The best commentators differ somewhat with regard to the meaning of Hebrews 9:15-16. But the natural explanation is that since the word διαθήκη meant both covenant or alliance and testament or will, the word is used in both senses, and the author was conscious of no logical difficulty in so using it. He means that God’s people, their sins having been taken away by Christ, are able to enter upon that inheritance, that rest of God, bequeathed to them by Christ, who Himself removed the encumbrance of past sins which barred access to it. But the idea of covenant is more fundamental. The only sacrifice of the Old Covenant which the Jews never repeated was that which established the original relation between God and the Hebrew people (Exodus 24:3-8). This was dedicated with blood. So was the New Covenant, the blood of the Son being ‘the blood of the covenant’ (Hebrews 10:29). And by it the whole region of man’s approach to God, the system of ‘the heavenly things’ themselves, was cleansed from the taint of sin. In Hebrews 10:29 the writer has in mind the words spoken by our Lord in instituting His Supper.
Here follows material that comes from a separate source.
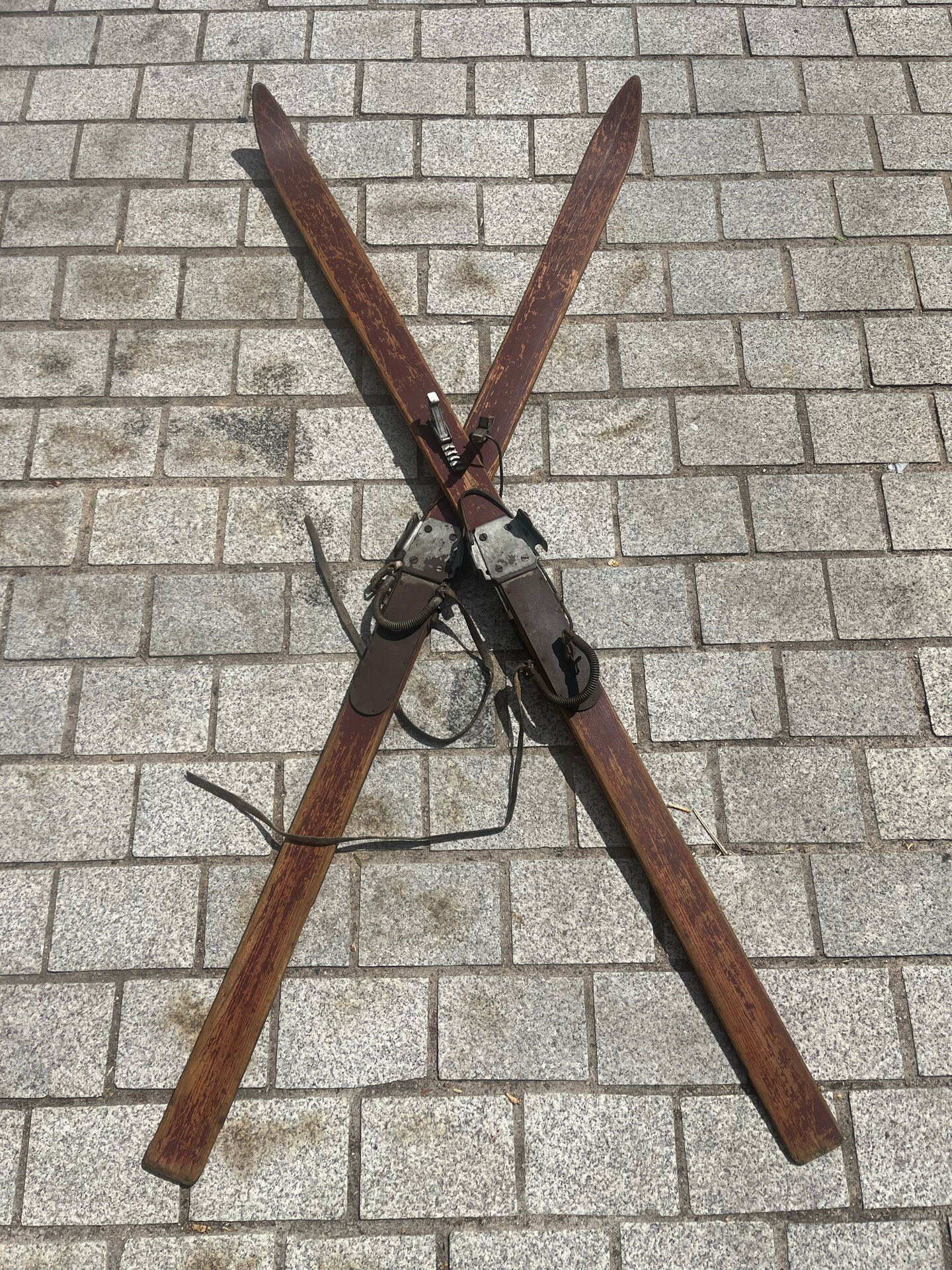 Vintage wooden skis pair L=194cm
(d) The effect of Christ’s death on man is specially described by the ritual words ‘purify’ (καθαρίζειν), ‘sanctify’ (ἁγιάζειν), and ‘make perfect’ (τελειοῦν). These words do not exactly correspond with the terms of later theology. They are primarily ritual words, though they involve a truly ethical conception as used in this Epistle. They mean to remove the sense of guilt (Hebrews 9:14) or ‘evil conscience,’ to dedicate to God (Hebrews 10:10; Hebrews 10:29, Hebrews 13:12), to bring to that full enjoyment of spiritual privileges which the Levitical priesthood could not effect (Hebrews 7:11). The result of this work done by Christ is our sense of forgiveness and free access to God through Christ (Hebrews 4:16).
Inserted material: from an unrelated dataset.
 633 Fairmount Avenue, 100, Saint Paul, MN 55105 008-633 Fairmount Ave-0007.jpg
(e) The Ascension is the culminating point of the Atonement as offered by Christ to God. As a High Priest after the order of Melchizedek, i.e. with an eternal priesthood which belongs to the world to come, Christ offered Himself upon the cross (Hebrews 7:27, Hebrews 9:24-28). But as the Aaronic high priest carried the sacrificial blood on the day of Atonement into the Holy of Holies, so Christ entered heaven ‘through his blood’ having obtained ‘eternal redemption’ (Hebrews 9:12). He now exercises a priesthood which is after the order of Melchizedek, but at the same time fulfils the type of the Aaronic high priest’s action within the veil. He still remains High Priest and acts as such (Hebrews 6:20). Because He abideth for ever He hath His priesthood unchangeable (Hebrews 7:24). He manifests Himself to God for us (Hebrews 9:24), continuously interceding on our behalf (Hebrews 7:25). Into all His intercession the value of His offering is put, so that He is ‘the minister of the sanctuary’ above. His work is still of a sacerdotal nature, ‘it is necessary that this high priest also have somewhat to offer’ (Hebrews 8:1-3). The ‘somewhat’ is His blood or life. His blood retains its sacrificial efficacy, pleads to God for pardon, and speaks peace to man.
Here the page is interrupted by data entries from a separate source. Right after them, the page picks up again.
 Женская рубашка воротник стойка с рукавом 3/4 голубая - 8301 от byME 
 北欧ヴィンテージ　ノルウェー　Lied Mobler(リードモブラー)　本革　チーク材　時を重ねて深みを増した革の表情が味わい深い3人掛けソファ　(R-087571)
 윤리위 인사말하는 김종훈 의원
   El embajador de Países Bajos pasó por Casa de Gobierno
‘We have an altar’ (Hebrews 13:10). Unlike the Jews, even the Jewish priests, who were unable to partake of the sin-offering offered on the Day of Atonement, Christians may partake of Christ.

The ‘altar’ of which they eat has been variously interpreted as the cross, the altar in heaven, and the Lord’s table. The first seems to be excluded by the fact that according to the writer’s argument the cross corresponds with the place outside the camp where the sin-offering was burnt, not with the altar in the tabernacle. Whether the altar here is the heavenly altar or the Lord’s table (cf. Malachi 1:7; Malachi 1:12, Ezekiel 44:16; Ezekiel 41:22), a reference to the Eucharist is included. And in that rite the pleading of Christ’s death by the Church is joined with the present intercession which He makes in heaven.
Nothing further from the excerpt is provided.